Pour l’instant, les policiers postés sur place ne font pas grand-chose. Les descentes de la Special Supporting Unit, par contre, sont redoutées par les marchands. Lors de ces opérations, les marchandises sont saisies et les vendeurs ne les retrouvent presque jamais. Mais ces opérations ont été très irrégulières jusqu’à présent, pour ne pas dire minimes. À partir d’aujourd’hui, les forces de l’ordre devraient passer à l’offensive.

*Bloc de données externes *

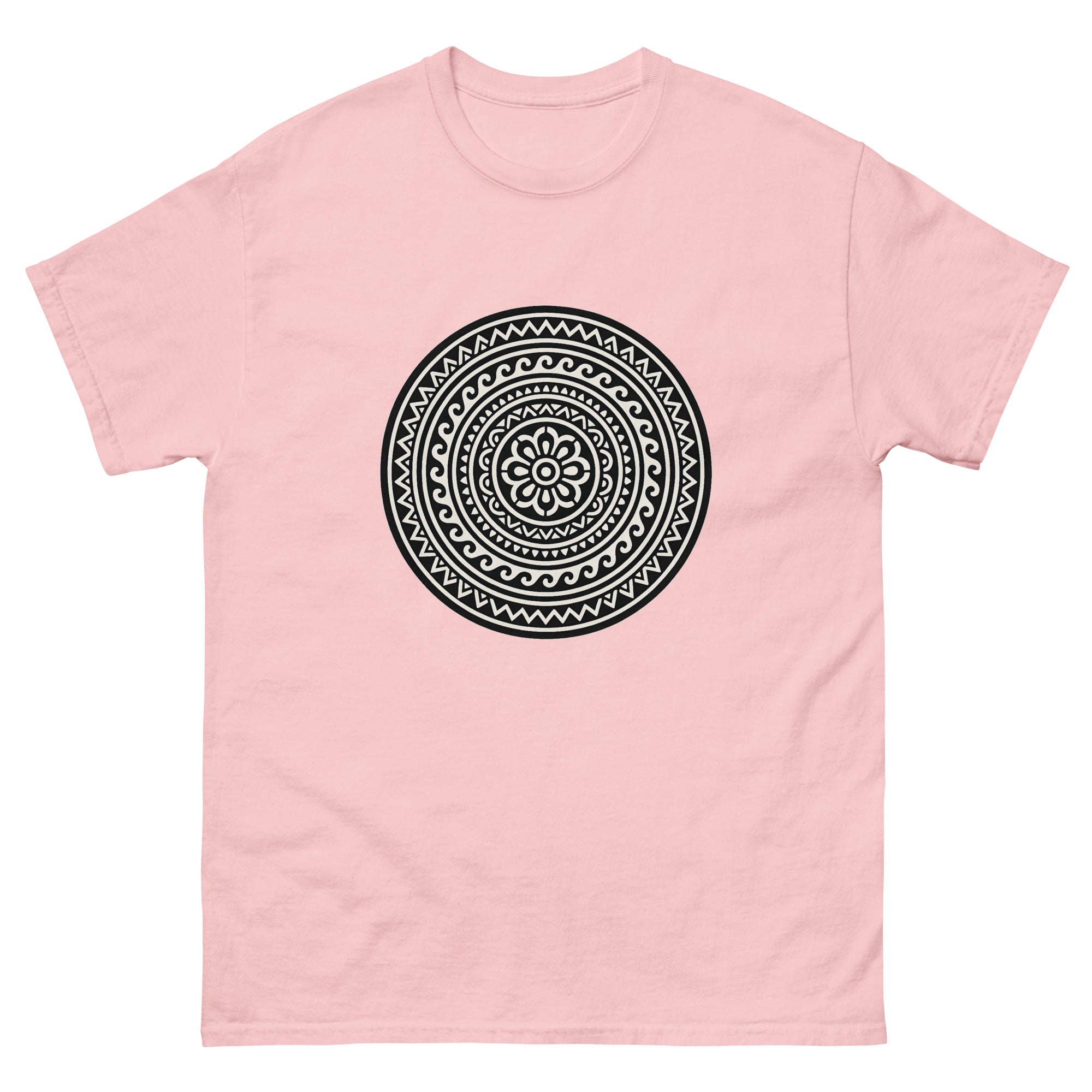 Honu Shell Mandala Hawaiian t-shirt design on a Light Pink unisex tee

Un des responsables de la Street Vendors Association explique que les policiers font des petites descentes seulement dans les rues principales et ne s’occupent pas des petites rues adjacentes. «Ils font cela pour démontrer que les autorités essayent d’agir» car la Market Traders’ Association (MTA) a logé une affaire de Contempt of court. Selon l’association, la police et la municipalité n’ont rien fait pour appliquer la décision de la justice, qui date de 2012. Lasse du laxisme des autorités, la MTA s’est tournée encore une fois vers la justice et l’affaire passe en cour en janvier. Ce qui explique, selon notre interlocuteur, les timides descentes policières.
Les magasins
La situation des marchands ambulants a beau être illégale, ces derniers ne comprennent pas pourquoi «bann lao lari» Farquhar ne sont pas inquiétés. Basanti affirme qu’elle serait peut-être prête à partir si tous ceux qui travaillent dans la rue partent.

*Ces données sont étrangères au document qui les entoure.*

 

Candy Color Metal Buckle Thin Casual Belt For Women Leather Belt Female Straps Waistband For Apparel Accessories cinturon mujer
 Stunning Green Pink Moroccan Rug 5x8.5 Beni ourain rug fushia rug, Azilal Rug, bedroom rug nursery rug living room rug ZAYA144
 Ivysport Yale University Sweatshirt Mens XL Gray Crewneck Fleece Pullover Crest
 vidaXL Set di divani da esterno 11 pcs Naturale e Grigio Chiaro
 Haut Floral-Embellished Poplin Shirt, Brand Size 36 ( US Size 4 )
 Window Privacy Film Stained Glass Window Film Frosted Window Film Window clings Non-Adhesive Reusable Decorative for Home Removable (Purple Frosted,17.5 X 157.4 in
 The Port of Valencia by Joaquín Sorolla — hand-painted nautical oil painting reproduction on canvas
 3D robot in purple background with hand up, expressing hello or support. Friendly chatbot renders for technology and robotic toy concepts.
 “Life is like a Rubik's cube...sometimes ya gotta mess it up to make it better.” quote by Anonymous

Mais selon elle, tous n’ont pas droit au même traitement. Ceux qui opèrent près de la gare du Nord ne subissent pas les foudres de la SSU. Et effectivement, près de la gare routière, les trottoirs sont impraticables. Entre parasols, étals interminables et marchandises posées à même le sol, impossible de circuler. Mais «nou pa marsan anbulan nou. Nou travay pou magazin-la», lance un vendeur. Ici, tous les propriétaires ont décidé de poser des étals devant leur magasin afin d’avoir une meilleure visibilité. Est-ce légal ? Oui, selon eux. Et ils ne comptent pas quitter le trottoir.
Les badges
Tous les marchands ambulants de la capitale ont reçu un badge qui leur permet d’opérer dans un rayon de plus de 500 mètres du marché. Lorsque cette décision a été prise, le lord-maire avait affirmé qu’à la réception du badge, les marchands se verraient attribuer leur nouvel emplacement. Or, il s’avère que le seul document qu’ils ont reçu est une liste des rues où ils ne peuvent pas opérer. Les badges prouvent uniquement qu’ils sont marchands ambulants de la capitale.
Quelques dates
- 25 juillet 2002
Hawkers Palace de2 000 m2 pour reloger lesmarchands ambulants à larue La Poudrière. - 22 mai 2005
Pose de la première pierre pour le Hawkers Palace, projet qui requiert des investissements de Rs 550 millions. - 7 août 2005
Les marchands ambulants sont casés à Ruisseaudu- Pouce en attendant la construction du Hawkers Palace. - Novembre 2005
Le Hawkers Palace finalement abandonné. - 13 juillet 2011
Ordre de la Cour suprême, émis par le juge David Chan, interdisant aux marchands ambulants d’opérer dans un rayon de 500 mètres du marché central. - 5 novembre 2013
La Place de l’immigration et la Place Decaen réaménagées pour reloger les marchands ambulants contre Rs 500 payables à la mairie mensuellement. 1 737 personnes sont concernées. - 13 novembre 2013
Gel du relogement sur les deux sites. - 22 novembre 2013
Deux autres sites identifiés à côté du bâtiment de la LIC à la gare Victoria pour les marchands ambulants. Développement toujours en attente.